★★☆☆☆
Dogged by controversy due to the recent allegations surrounding the once-attached Kevin Spacey – hastily replaced over seven weeks of intensive re-shoots by Christopher Plummer – Ridley Scott’s All the Money in the World wins points for technical ingenuity but gradually reveals itself to be an otherwise pedestrian, by-the-numbers kidnap drama.

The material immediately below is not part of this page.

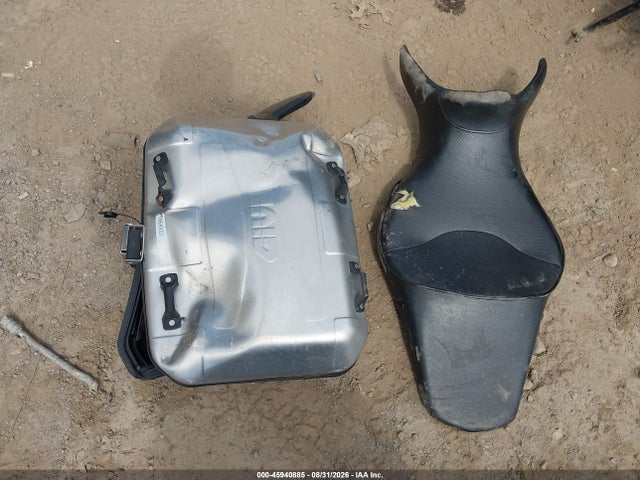 JYARN33E2GA010076 Yamaha FZ09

Based on true events – though with a hefty degree of dramatic license – the film revolves around American multi-billionaire J.P. Getty (Plummer), an oil tycoon who over the years has detached himself from any form of familial bonds in order to build an empire. Reconnecting years later with his estranged son (Broadchurch’s Andrew Buchan), his wife Gail (Michelle Williams) and their son Paul (Charlie Shotwell as the younger incarnation, Charlie Plummer as the kidnapped model), Getty offers his offspring a role in the family business. Unfortunately, over the years his son’s substance abuse gets out of control and a now 16-year-old Paul is taken by masked men during a vacation in Rome.
A self-made man who delights in getting the best possible deal out of any scenario, Getty tells the following press pack that he values his grandchild at precisely “nothing”, provoking an angry Gail to confront her stepfather over his apparent lack of humanity. For whatever reason – either out of some semblance of unlikely emotional connection or perhaps simply boredom – Getty brings in his top negotiator Fletcher Chase (a miscast Mark Wahlberg) to find Paul and neutralise Gail’s insistence that Getty pay the $17 million ransom fee.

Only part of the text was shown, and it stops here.